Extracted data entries
--------------------

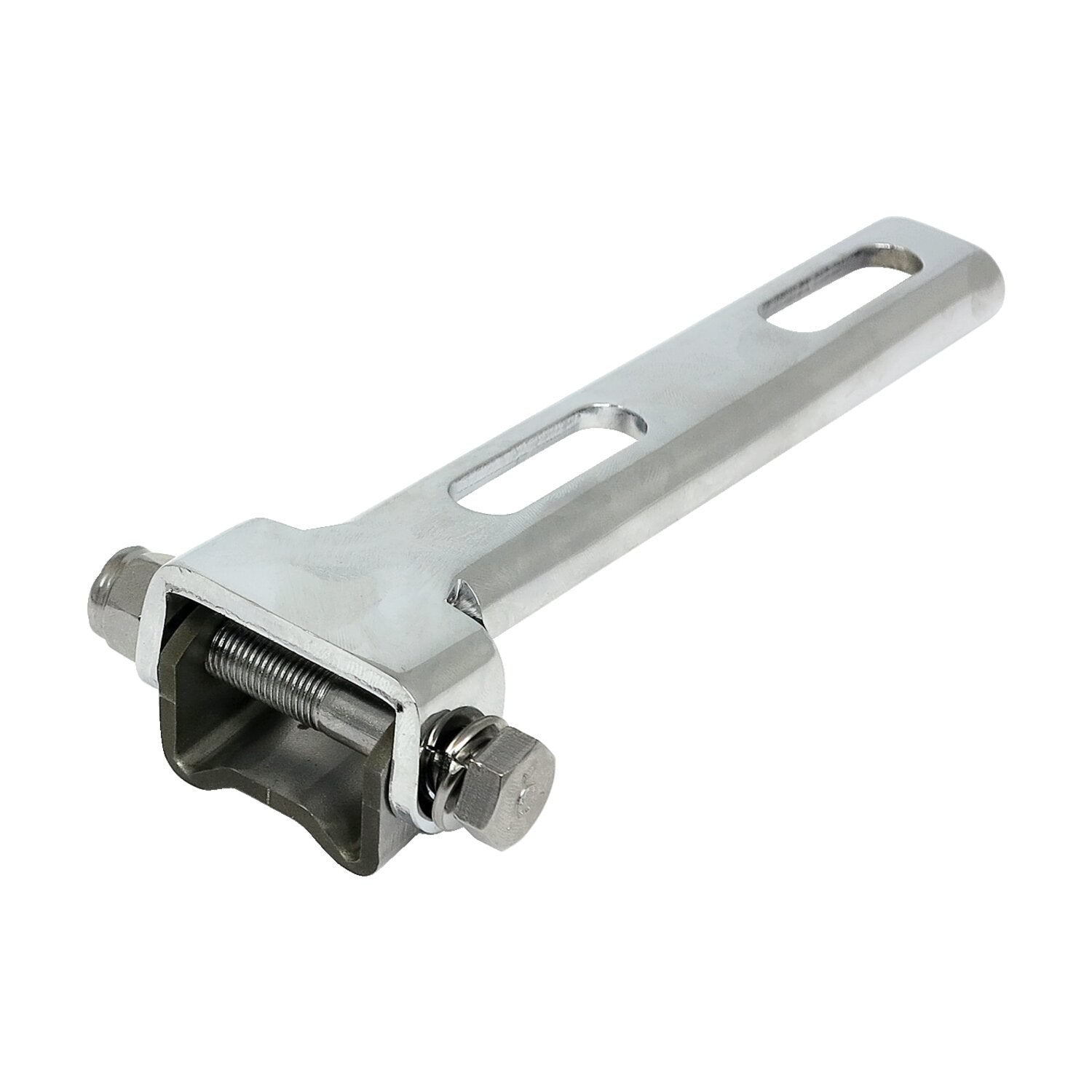 MCS Universal solo seat hinge square mount weld-on - Chrome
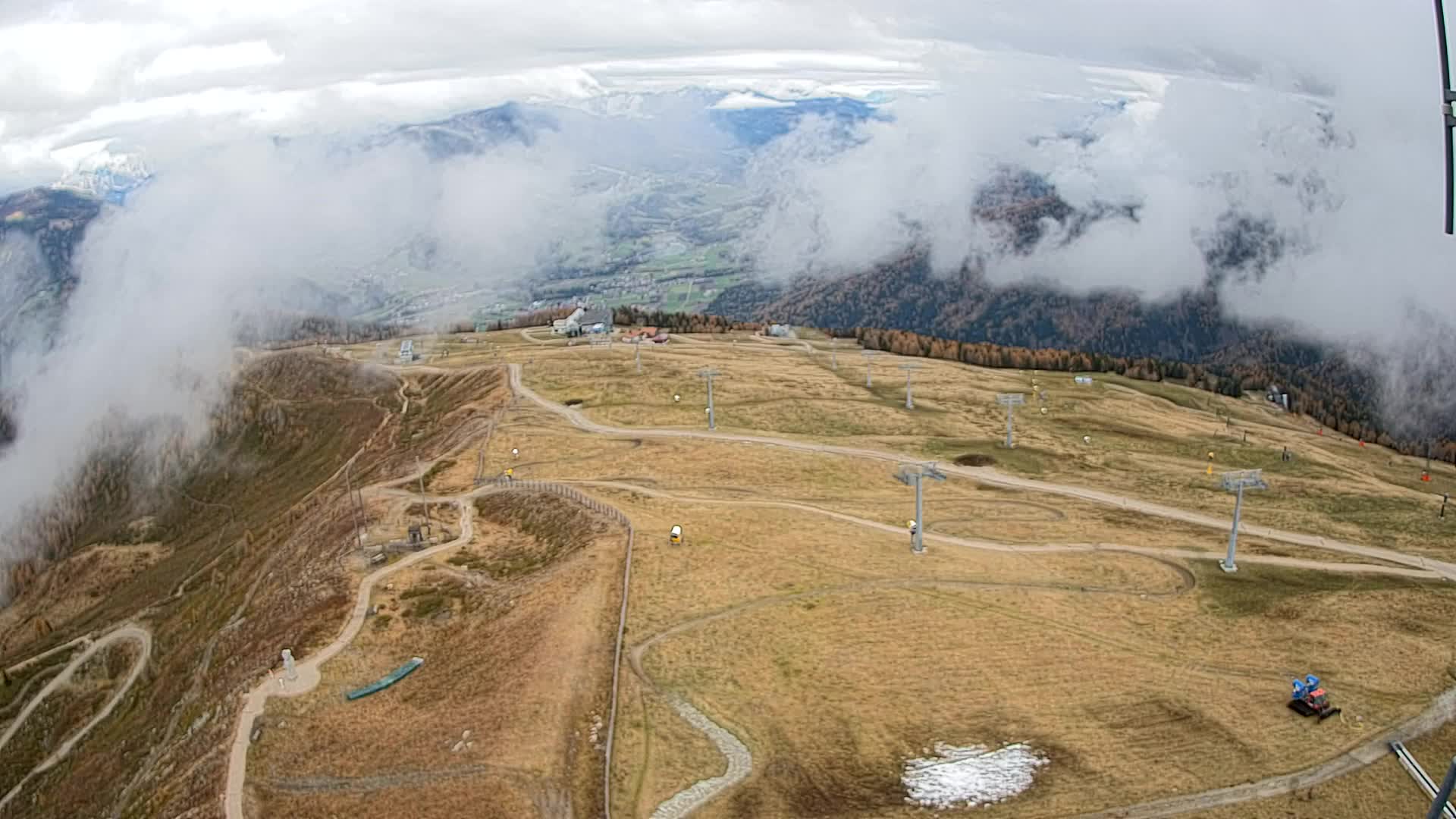 Kronplatz-Gipfel | Blick nach Olang – Valdaora
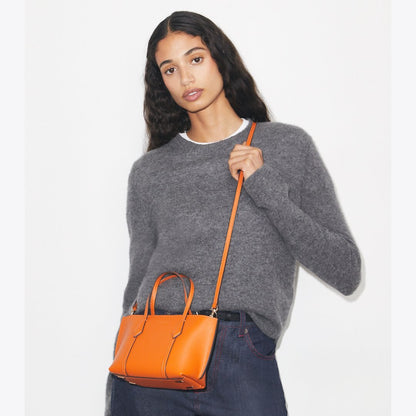 Tory Burch Mini Perry Tote Orange Jam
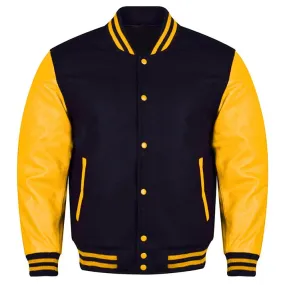 Varsity Jacket - Black Gold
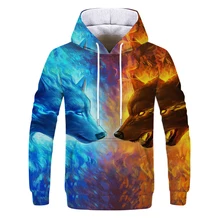 Wolf Fire Ice Hoodie Buy Wolf Fire Ice Hoodie With Free Shipping On Aliexpress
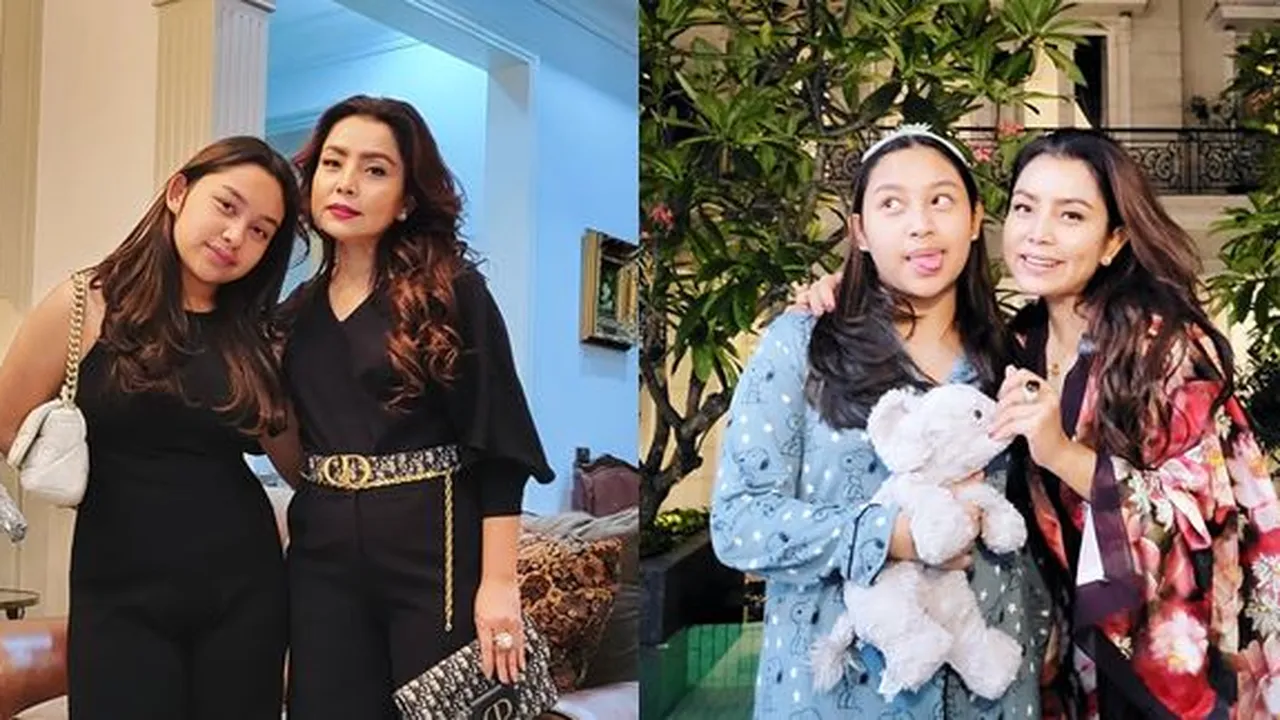 7 Potret Kompak Mayangsari dan Khirani Si Anak Gadis, Bak Kakak Adik - Sama-Sama Punya Senyuman Manis
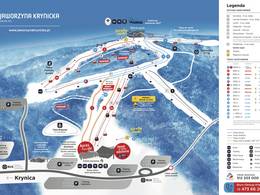Trail map Jaworzyna Krynicka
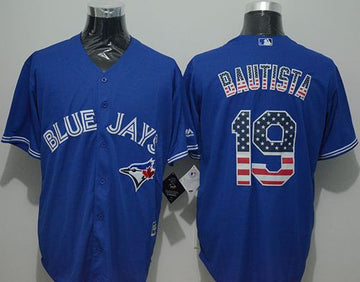 Jose Bautista Toronto Blue Jays blue Fashion jersey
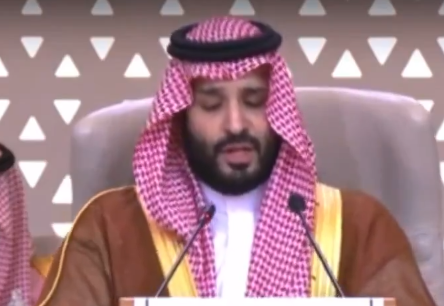 Putra Mahkota Mohammed bin Salman, menegaskan hubungan diplomatik dengan Israel tidak akan terjadi tanpa pembentukan negara Palestina yang merdeka. (tangkap layar X/@AdameMedia)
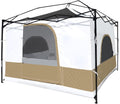 10' x 10' Khaki Camping Inner Tent Square Tent with Full Floor Y887222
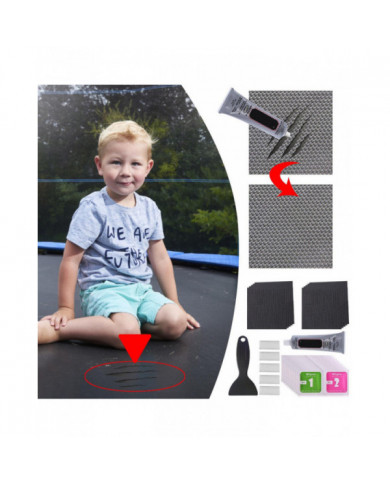 Kit de réparation de patch trampoline répare les trous ou les déchirures dans les matelas de trampoline 1ml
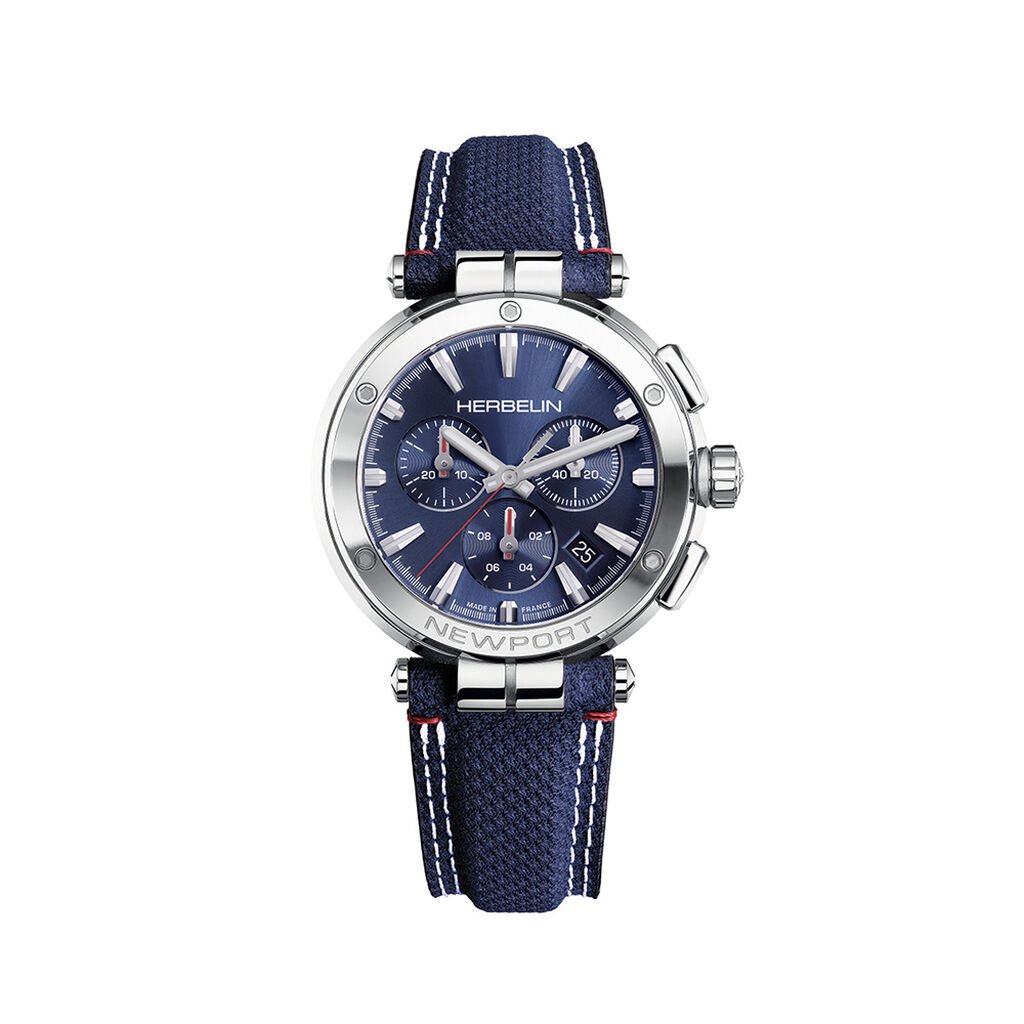 Montre Herbelin Newport Chrono Bleu - Montres Homme | Histoire d’Or
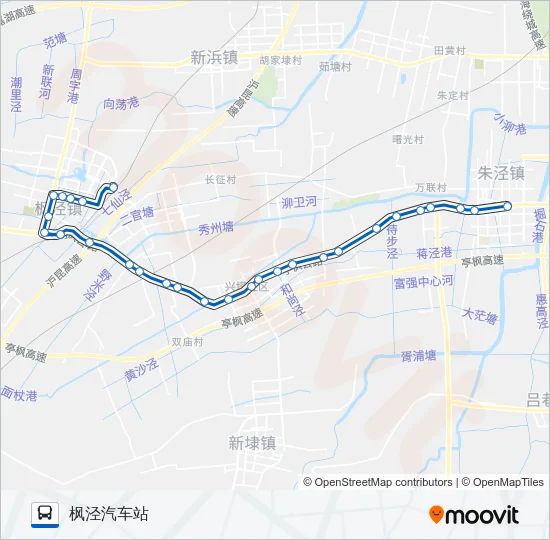 金枫线 Bus Line Map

--------------------

_How to complete this task:_ Your task is to reproduce exactly the lines from the start of the data above through the line containing "Jose Bautista Toronto", leaving every picture out.

_Task output:_
 MCS Universal solo seat hinge square mount weld-on - Chrome
 Kronplatz-Gipfel | Blick nach Olang – Valdaora
 Tory Burch Mini Perry Tote Orange Jam
 Varsity Jacket - Black Gold
 Wolf Fire Ice Hoodie Buy Wolf Fire Ice Hoodie With Free Shipping On Aliexpress
 7 Potret Kompak Mayangsari dan Khirani Si Anak Gadis, Bak Kakak Adik - Sama-Sama Punya Senyuman Manis
Trail map Jaworzyna Krynicka
 Jose Bautista Toronto Blue Jays blue Fashion jersey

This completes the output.